Daniel Fultz, Duebbert’s attorney, declined to comment. Duebbert could not be reached for comment.
Duebbert, a Republican, defeated former Chief Judge John Baricevic in the November 2016 election.
In the days after the election, it was discovered that David Fields, a felon who was ordered to register on the Illinois State Police Murderer and Violent Offender Against Youth listed Duebbert’s home as his residence. He was convicted of an attack on a pregnant Belleville East studen.
Fields moved out of the home, and about six weeks after Duebbert was sworn in, Fields was charged with the first-degree murder of Carl Z. Silas of Belleville. He is currently standing trial on that charge.
The complaint by the Judicial Inquiry Board alleges that on December 30, 2016, while being interviewed by police officers in connection with the criminal investigation Silas’ murder, Duebbert made statements he knew ”to be false and deceptive, and omitted facts that he knew were relevant” to the murder investigation.
Major Case Squad detectives sought an obstruction of justice charge against Duebbert, 55, after the judge told detectives that the last time he had communicated with Fields was about 8 p.m. Dec. 29 — the night before the killing. A search of Duebbert’s cell phone records by a detective found that the two exchanged nine text messages from 8:10 p.m. to 10:47 p.m. that night.
No charges were issued.
“(Duebbert’s) misrepresentations, deceptions, and omissions concerned facts that were relevant to an active murder investigation,” the complaint stated.
The complaint goes on to allege that on May 12, 2017, and June 9, 2017, Duebbert appeared before the Judicial Inquiry Baord and testifyied falsely before the board, and omitted facts that he knew were relevant.
“These misrepresentations, deceptions, and omissions were made under oath, and concerned facts that were relevant to the Illinois Judicial Inquiry Board’s investigation into Respondent’s conduct,” the complaint stated.
Duebbert was charged with two felonies and two misdemeanors after a 26-year-old man accused Duebbert, who was then his lawyer, of fondling his genitals and offering to reduce his legal fees by $100 if the man performed oral sex on Duebbert. A special prosecutor dismissed those cases when the victim said he no longer wanted to cooperate.
After a mistrial earlier this year, Fields is currently on trial for first-degree murder. The prosecution rested on Friday.

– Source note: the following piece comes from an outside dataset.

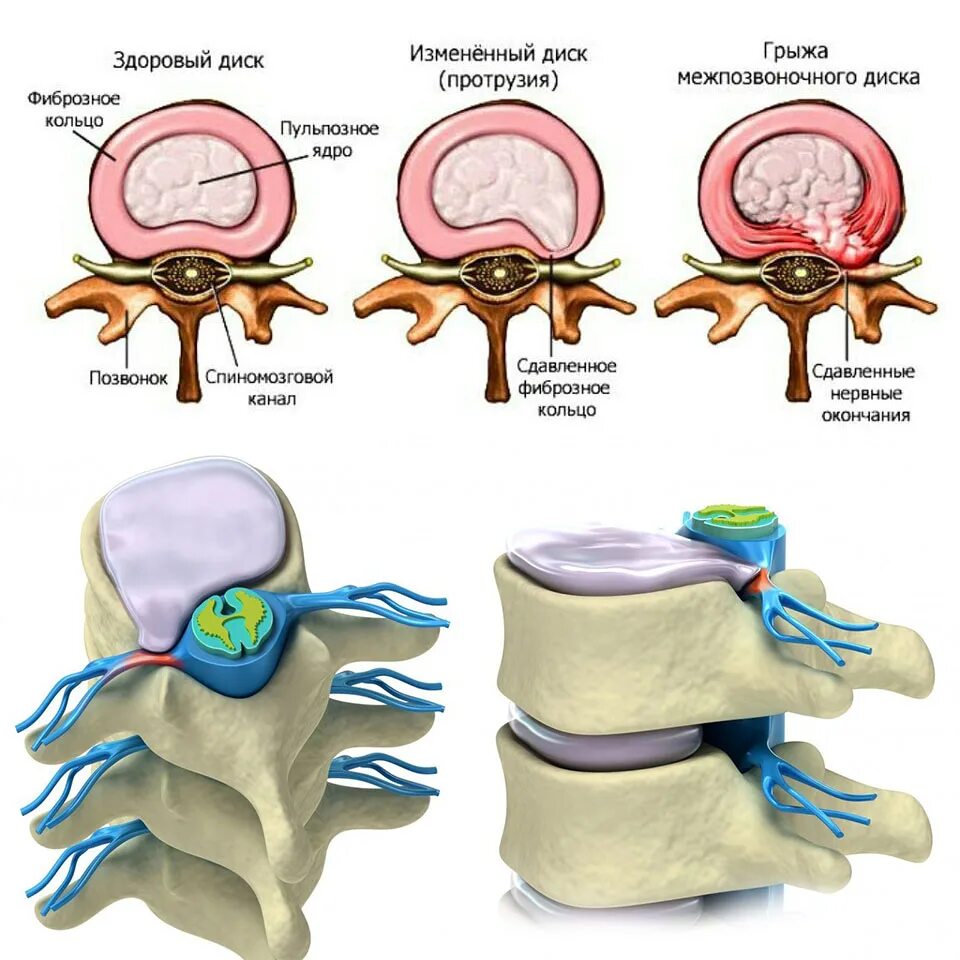 Протрузия поясничного отдела позвоночника фото Картинки ОПЕРАЦИЯ ПОЗВОНОЧНОЙ ГРЫЖИ ПОЯСНИЧНОГО ОТДЕЛА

Fields posted videos on Facebook showing him and Duebbert together. In one video, from May 19, 2015, about three months before Fields went to the Illinois Department of Corrections, Fields is seen riding in Duebbert’s Porsche while Duebbert is seen driving. Fields uses gang language, threatens violence, refers to his Versace pants and tells Duebbert the two “look like millionaires.” In one of the videos, he refers to Duebbert as “Dollar Bill.”